The Lotus team will look to continue the solid start it made to the 2013 F1 season when testing resumes in Barcelona tomorrow (Tuesday).
Both Kimi Raikkonen
and Romain Grosjean
took a turn at the top of the timesheets at Jerez
earlier in the month but, while team principal Eric Boullier was satisfied to see his drivers happy with the new E21 package, trackside operations director Alan Permane admits that there is still a lot of work to be done before the team can head to Melbourne confident that it can be a contender.
The second of three four-day tests kicks off at the Circuit de Catalunya this week, but the Enstone-based squad won't be throwing performance parts at the car just yet, with more subtle refinements the order of the day this time around.
“[Evaluating new parts and refining set-up] go hand in hand to an extent,” Permane explained on the Lotus team's official website, “The first Barcelona test is largely concerned with improving the car from the initial lessons learnt in Jerez, so we've worked on anything which didn't quite operate as expected or any components which need beefing up.
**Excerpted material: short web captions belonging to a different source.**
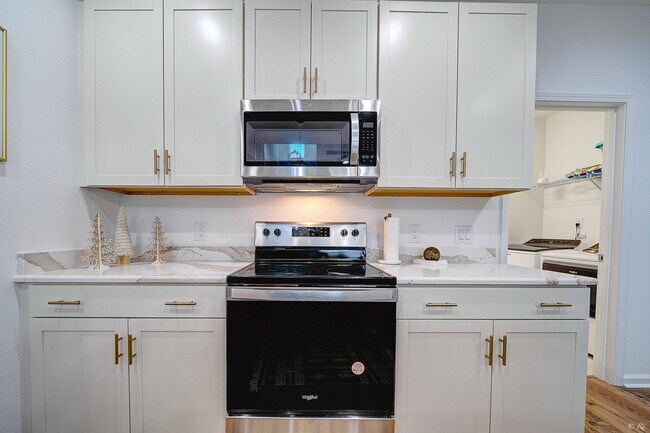 Building Photo - 8980 Coral Reef Wy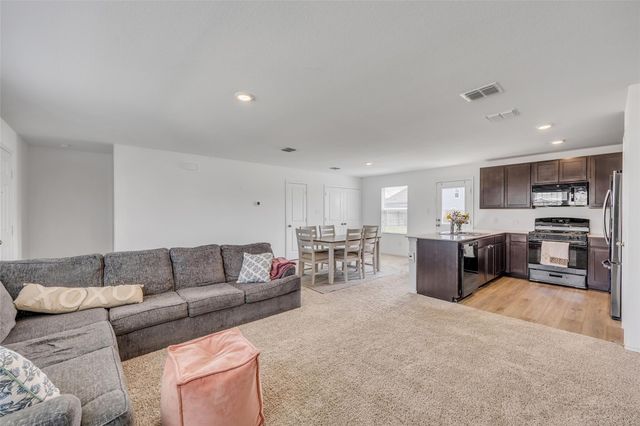 2406 Windrow LN, Lockhart, TX 78644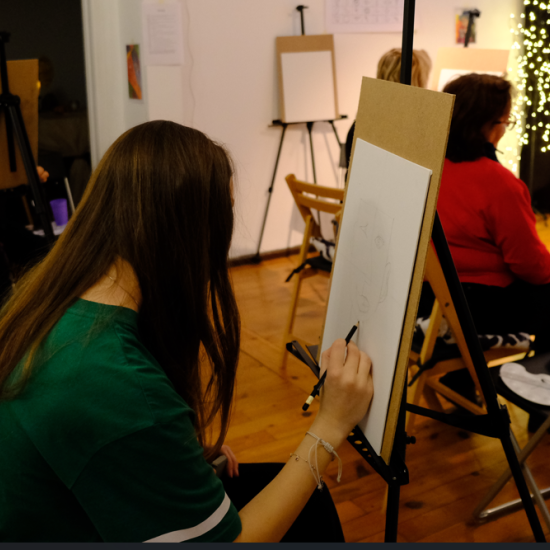 Meet the greatest artists with "Draw like..." from Makaroon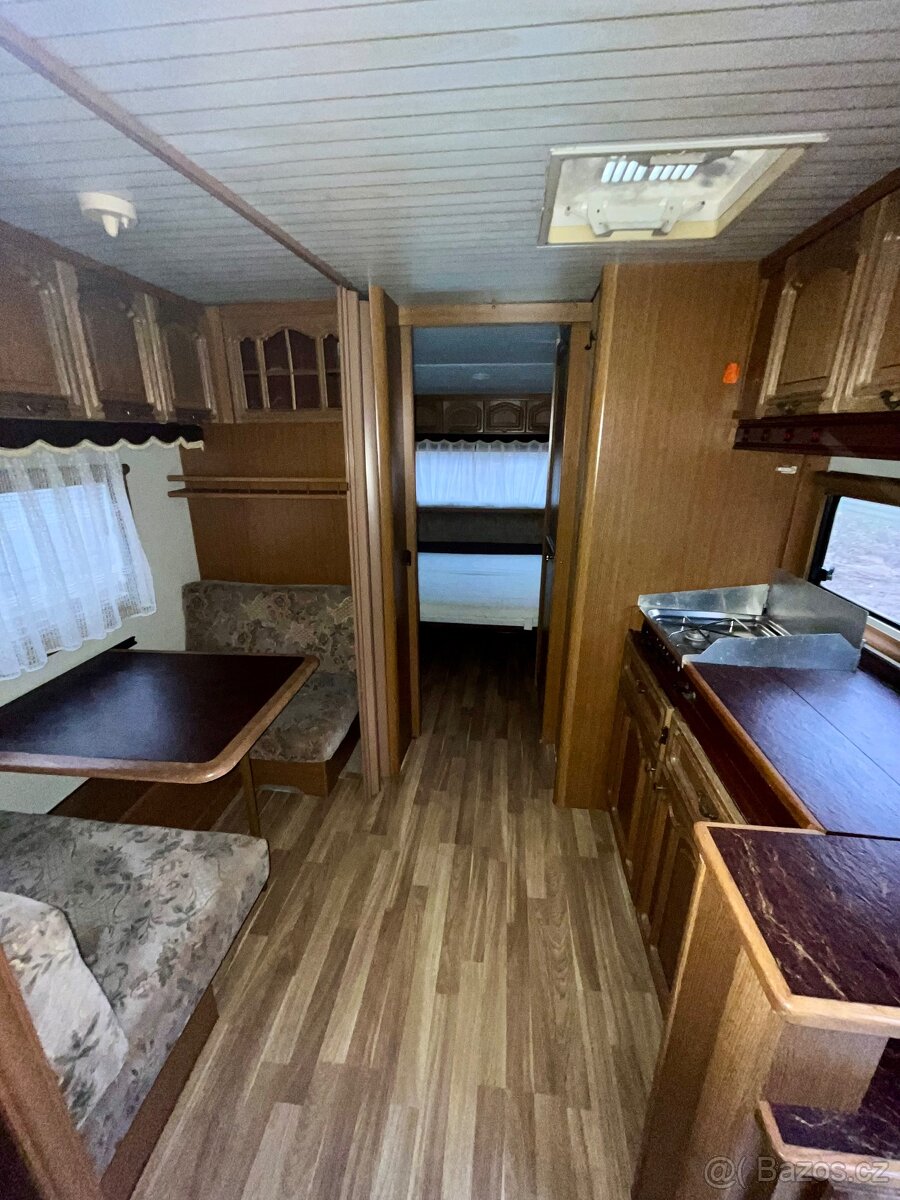 Karavan obytný přívěs hobby de luxe - 10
“This means there are minor updates to make the car more robust and raceworthy, which can be done in conjunction with performance work. Many of the updated parts are not necessarily performance parts, but more concerned with reliability, so a performance assessment can be conducted in parallel.
“We hope to pack in a number of long runs [this week] to get a much more detailed understanding of the tyres at a race circuit used during the season. We also aim to complete some full race distance simulations, complete with pit-stops, tyre changes and the car in action for a full complement of race laps - even down to formation laps and a simulated race start. We'll do more performance work with the car, and the race distance simulations will put everything through some good reliability testing.”
Permane lamented the number of laps the team was able to complete at Jerez, despite being happy with the mileage it achieved over the four days. The second Barcelona test, meanwhile, will be the one to give more clues to the E21's outright potential ahead of Australia.
“We'll have aerodynamic updates such as a new front wing, a new floor, a new rear wing and most of the Melbourne package to evaluate,” he revealed, “This means performance is more the focus. That said, even when we're focused on performance testing, reliability evaluation is a welcome by-product whenever we run the car.
“[Even by the end of testing], we'll still be in the early stages of the learning curve; particularly with regards to tyre performance. The track and ambient temperatures in Barcelona are likely to be well below what we could expect to see in Melbourne and particularly Sepang, and track temperature has a significant impact on how a tyre performs.
We'll have an idea of how the tyres have reacted in previous years at the test then at the first races, which will give us a framework of consideration [but], all that said, the first races are still very much part of the learning process for all of the teams and that often helps to make them some of the most exciting for those watching. We hope that we're at the forefront of that excitement.”